[PROVIDED DATA — start]

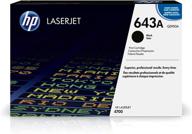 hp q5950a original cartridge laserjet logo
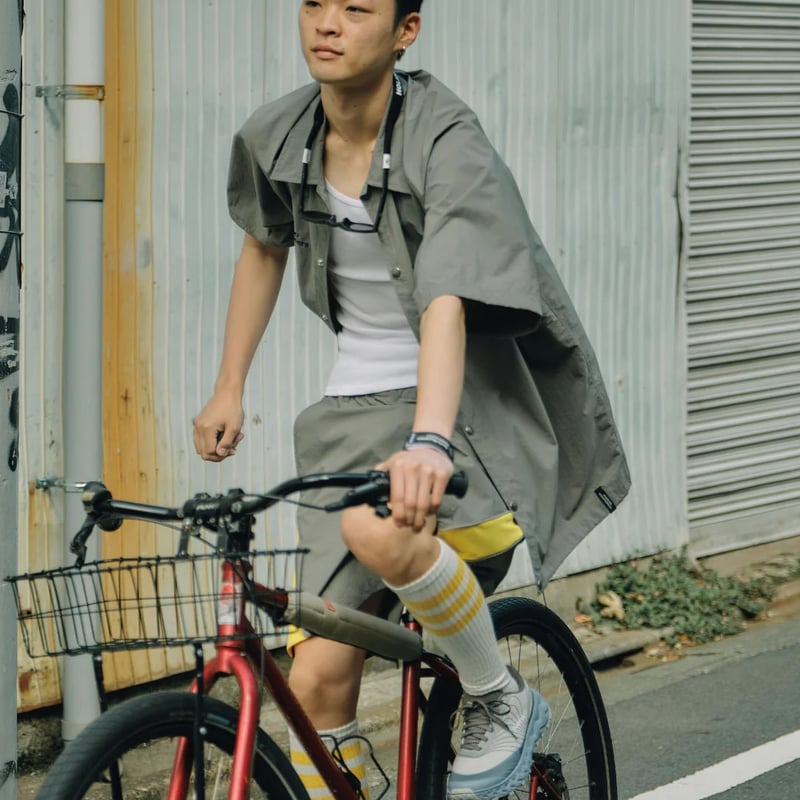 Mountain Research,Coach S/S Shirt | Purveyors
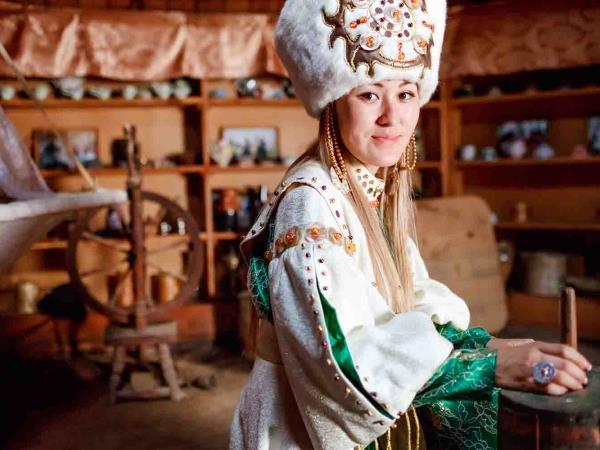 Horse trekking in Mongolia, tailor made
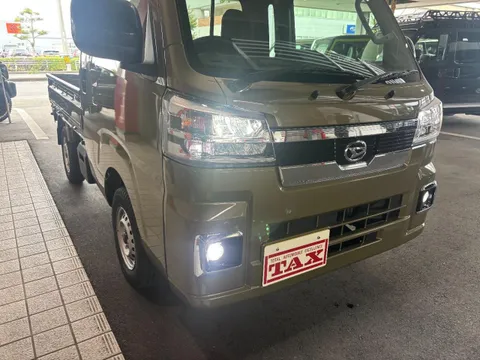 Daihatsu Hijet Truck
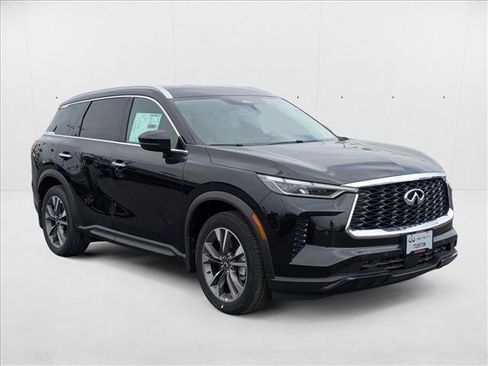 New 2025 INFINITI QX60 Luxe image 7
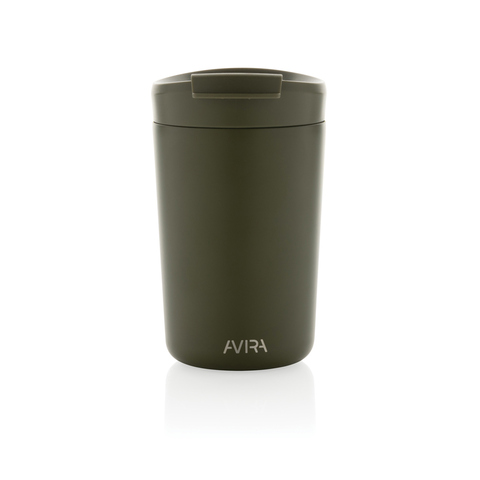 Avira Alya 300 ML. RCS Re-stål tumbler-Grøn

[PROVIDED DATA — finish]

Nothing but the lines from the line containing "Horse trekking in Mongolia, tailor made" through the last line of the records above is to be extracted, exactly and with no pictures.

# RESPONSE AREA:
 Horse trekking in Mongolia, tailor made
 Daihatsu Hijet Truck
 New 2025 INFINITI QX60 Luxe image 7
 Avira Alya 300 ML. RCS Re-stål tumbler-Grøn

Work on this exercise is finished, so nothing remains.